## Data below
▼▼▼

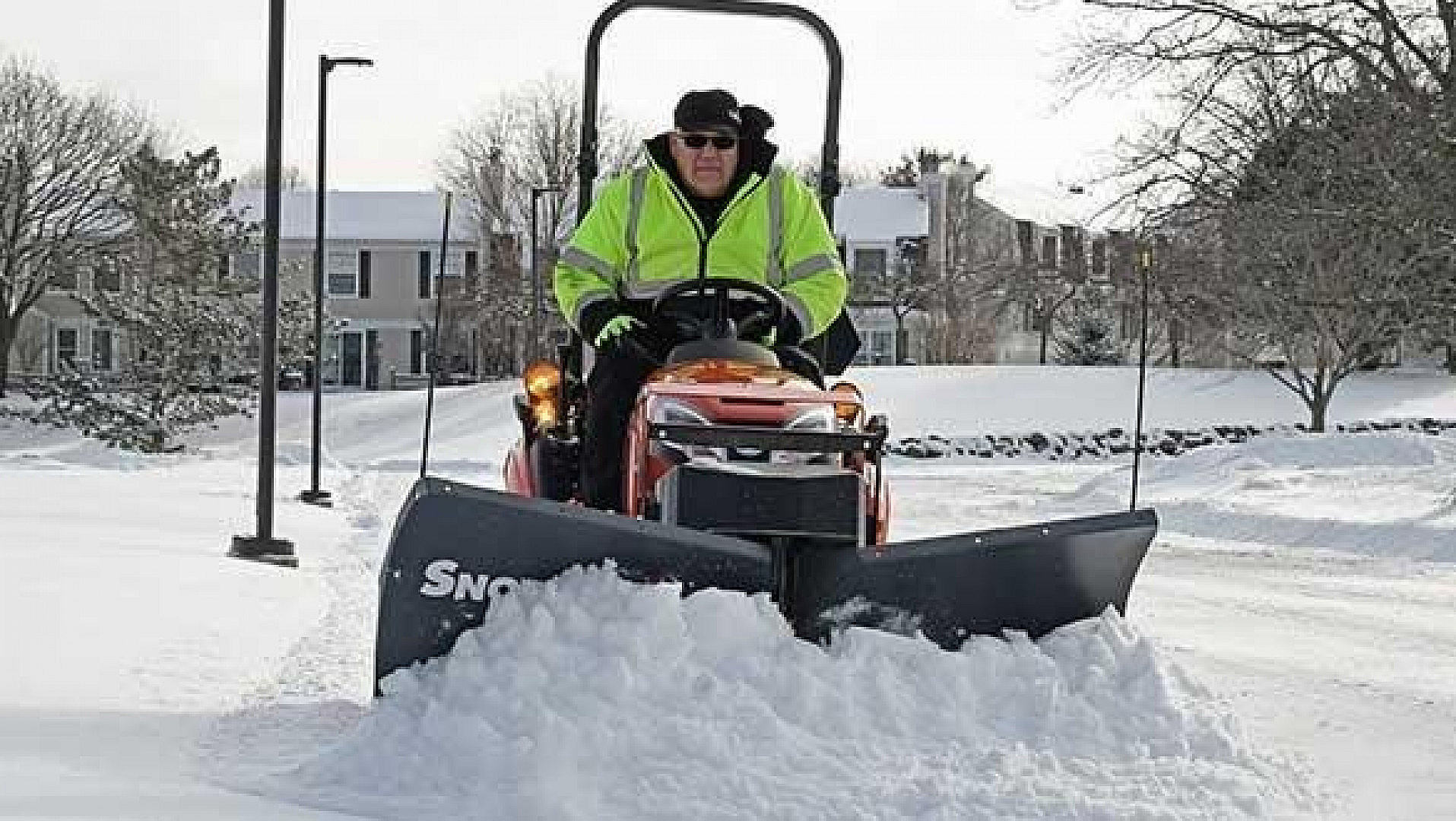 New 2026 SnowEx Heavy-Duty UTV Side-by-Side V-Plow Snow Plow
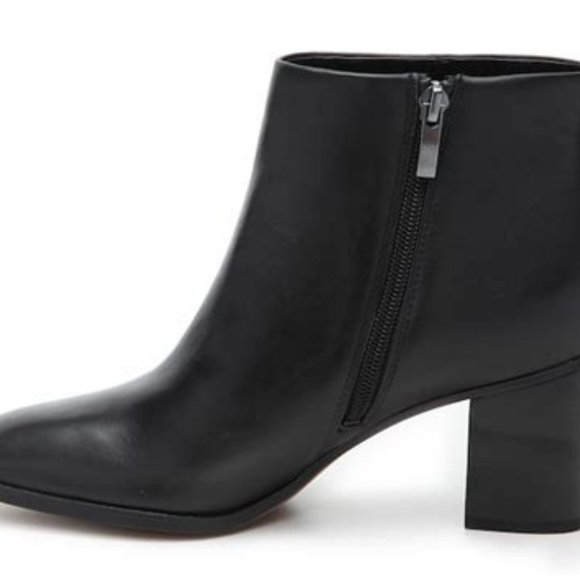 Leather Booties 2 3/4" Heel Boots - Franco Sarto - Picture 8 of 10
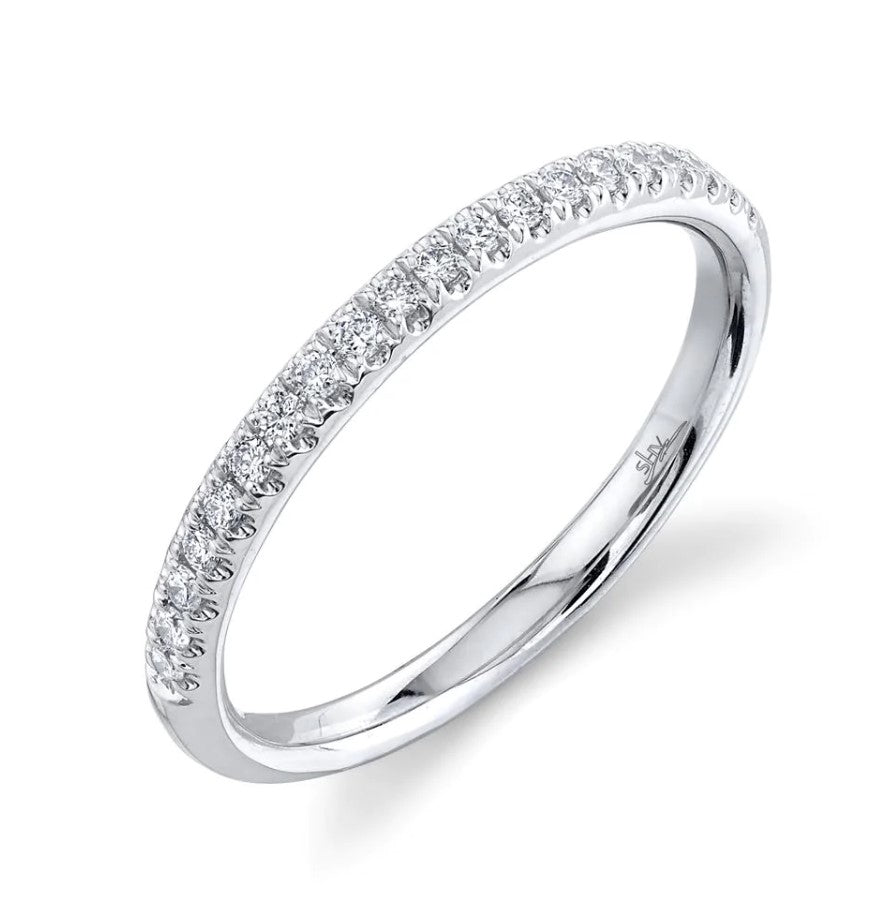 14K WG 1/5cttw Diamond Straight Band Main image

▲▲▲

## Exercise brief
Up to and including the last line of the listing, starting at the line with "Leather Booties 2", extract every line exactly and leave out the pictures.

## Response to the task
 Leather Booties 2 3/4" Heel Boots - Franco Sarto - Picture 8 of 10
 14K WG 1/5cttw Diamond Straight Band Main image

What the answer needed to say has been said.